The dome of the Pantheon was and still is the largest concrete dome in the world. On its summit there is a hole, the oculus, from which light and heat penetrates. If you want to deepen the topic, do not miss our article on the history and curiosities of the Pantheon of Agrippa.
Basilica of San Pietro
The heart of the Vatican City is St Peter’s Basilica, still today one of the largest churches in the world.
According to tradition, the primitive Basilica of Saint Peter, was erected around 320 AD by the Emperor Constantine in the place where the Apostle Peter was buried. They committed about two hundred years, many artists, and several pontificates to achieve the complete remaking of the current basilica. This is surrounded by a splendid colonnade of 284 Doric columns and 88 travertine pillars of Tivoli, which would seem at a glance to want to symbolically embrace the faithful who gather here every day from all over the world.
The Basilica represents the temple of the Catholic Church and the place where the Pope celebrates the most important liturgies such as the Angelus, the Sunday Mass and the Easter Mass.
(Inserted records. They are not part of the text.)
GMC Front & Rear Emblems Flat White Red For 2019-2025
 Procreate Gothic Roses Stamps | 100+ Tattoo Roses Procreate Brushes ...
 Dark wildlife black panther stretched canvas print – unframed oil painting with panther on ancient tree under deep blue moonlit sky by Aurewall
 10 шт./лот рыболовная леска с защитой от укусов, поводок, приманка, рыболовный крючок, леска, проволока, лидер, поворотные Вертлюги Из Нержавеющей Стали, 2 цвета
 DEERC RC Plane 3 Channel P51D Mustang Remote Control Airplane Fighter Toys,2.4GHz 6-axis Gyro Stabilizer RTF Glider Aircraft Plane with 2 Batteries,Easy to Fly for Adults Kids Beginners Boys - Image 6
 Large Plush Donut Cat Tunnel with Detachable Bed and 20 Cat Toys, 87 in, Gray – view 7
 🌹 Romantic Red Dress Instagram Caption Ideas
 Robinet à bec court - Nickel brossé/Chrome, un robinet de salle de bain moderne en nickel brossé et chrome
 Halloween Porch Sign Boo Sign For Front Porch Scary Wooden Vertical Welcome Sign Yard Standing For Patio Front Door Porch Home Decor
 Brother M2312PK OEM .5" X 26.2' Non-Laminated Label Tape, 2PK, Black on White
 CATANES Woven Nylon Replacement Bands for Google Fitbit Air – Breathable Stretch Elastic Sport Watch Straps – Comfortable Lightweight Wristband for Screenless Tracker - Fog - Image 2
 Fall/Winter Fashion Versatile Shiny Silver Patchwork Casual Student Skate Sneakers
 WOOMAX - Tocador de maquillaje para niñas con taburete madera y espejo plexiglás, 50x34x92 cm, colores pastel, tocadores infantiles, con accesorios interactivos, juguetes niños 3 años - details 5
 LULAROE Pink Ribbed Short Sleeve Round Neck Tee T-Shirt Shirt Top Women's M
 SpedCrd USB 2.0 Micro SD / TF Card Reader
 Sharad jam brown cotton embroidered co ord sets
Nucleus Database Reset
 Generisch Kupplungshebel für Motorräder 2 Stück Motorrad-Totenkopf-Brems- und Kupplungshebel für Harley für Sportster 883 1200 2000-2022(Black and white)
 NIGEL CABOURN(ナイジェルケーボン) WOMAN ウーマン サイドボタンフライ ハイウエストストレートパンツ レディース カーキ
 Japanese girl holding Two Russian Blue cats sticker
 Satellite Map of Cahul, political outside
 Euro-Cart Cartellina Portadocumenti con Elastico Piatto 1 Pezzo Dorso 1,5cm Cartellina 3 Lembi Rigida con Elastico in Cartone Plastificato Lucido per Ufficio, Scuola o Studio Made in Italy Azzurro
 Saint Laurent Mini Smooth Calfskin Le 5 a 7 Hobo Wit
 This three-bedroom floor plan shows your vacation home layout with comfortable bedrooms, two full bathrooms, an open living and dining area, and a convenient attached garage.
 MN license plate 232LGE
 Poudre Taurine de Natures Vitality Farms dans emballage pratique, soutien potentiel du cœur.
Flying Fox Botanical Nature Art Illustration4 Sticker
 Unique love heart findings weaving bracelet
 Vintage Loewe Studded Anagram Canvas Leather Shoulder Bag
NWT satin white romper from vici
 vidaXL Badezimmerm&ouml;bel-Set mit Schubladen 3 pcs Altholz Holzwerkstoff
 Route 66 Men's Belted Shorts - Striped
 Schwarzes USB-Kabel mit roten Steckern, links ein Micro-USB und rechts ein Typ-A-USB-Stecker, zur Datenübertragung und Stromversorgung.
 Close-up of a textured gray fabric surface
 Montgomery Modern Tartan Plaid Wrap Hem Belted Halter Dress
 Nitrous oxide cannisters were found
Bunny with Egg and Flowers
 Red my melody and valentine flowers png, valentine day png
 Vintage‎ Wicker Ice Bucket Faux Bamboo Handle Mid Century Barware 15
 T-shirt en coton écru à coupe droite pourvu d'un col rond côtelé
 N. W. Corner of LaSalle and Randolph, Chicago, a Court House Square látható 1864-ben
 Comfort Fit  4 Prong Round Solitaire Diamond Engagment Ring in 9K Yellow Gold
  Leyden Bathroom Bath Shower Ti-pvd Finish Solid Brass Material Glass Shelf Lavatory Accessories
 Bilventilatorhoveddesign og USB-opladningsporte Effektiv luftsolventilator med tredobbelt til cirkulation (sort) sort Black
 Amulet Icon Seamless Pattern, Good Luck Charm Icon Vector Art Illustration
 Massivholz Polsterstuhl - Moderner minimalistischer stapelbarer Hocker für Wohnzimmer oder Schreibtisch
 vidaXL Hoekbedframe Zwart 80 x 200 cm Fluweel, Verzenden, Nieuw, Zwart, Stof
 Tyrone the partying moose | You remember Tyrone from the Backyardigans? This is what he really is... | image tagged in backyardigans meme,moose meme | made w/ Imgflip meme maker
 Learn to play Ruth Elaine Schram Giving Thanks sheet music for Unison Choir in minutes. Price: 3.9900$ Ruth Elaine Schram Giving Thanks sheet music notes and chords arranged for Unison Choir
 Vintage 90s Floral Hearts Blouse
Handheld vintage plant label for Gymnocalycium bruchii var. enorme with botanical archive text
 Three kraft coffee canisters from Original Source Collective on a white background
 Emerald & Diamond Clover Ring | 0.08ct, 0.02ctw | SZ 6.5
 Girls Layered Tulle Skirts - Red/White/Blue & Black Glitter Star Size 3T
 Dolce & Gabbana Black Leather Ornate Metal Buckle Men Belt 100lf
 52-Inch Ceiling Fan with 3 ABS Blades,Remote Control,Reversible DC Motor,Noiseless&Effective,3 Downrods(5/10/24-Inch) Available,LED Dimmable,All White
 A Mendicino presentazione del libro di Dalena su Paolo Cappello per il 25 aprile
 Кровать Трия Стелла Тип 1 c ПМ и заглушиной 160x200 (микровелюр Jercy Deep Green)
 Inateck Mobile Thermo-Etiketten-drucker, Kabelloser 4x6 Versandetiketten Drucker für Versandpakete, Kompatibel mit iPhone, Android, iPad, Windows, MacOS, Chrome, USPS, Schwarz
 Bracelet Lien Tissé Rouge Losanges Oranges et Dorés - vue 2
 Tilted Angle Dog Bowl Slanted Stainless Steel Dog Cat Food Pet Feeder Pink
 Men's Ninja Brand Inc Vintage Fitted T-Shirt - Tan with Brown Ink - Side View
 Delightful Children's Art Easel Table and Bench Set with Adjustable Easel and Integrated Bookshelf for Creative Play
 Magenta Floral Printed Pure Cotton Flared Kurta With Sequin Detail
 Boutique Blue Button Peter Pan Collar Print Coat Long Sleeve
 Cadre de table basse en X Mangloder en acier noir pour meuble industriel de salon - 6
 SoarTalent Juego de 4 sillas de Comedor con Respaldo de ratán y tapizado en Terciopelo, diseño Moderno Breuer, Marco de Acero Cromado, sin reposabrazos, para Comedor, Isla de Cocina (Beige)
One of the most spectacular elements of the Basilica is its dome, designed by Michelangelo and among its masterpieces inside you can admire the "Pietà", a sculptural work of great technique and emotion.
Altare Della Patria
The Altare della Patria is the national monument dedicated to the King of National Unity Vittorio Emanuele II, built from 1885 and completed in 1935. Since 1921 the Monument houses the tomb of the Unknown Soldier in memory of all the missing and fallen in various battles. The monument is composed of a slightly curvilinear porch and flanked by the quadric symbol of Unity and freedom of Italy.
Not everyone knows that the equestrian statue of King Vittorio Emanuele II, placed in the center of the altar can contain about 22 people, the sword that holds measures 5 meters and the feathered hat about 2 meters.
The square where this monument stands is the famous Piazza Venezia, and it is here that important celebratory moments take place that have accentuated its role as a symbol of national identity: the Liberation Day (25 April), Republic Day (2 June) and National Unity and Armed Forces Day (November 4).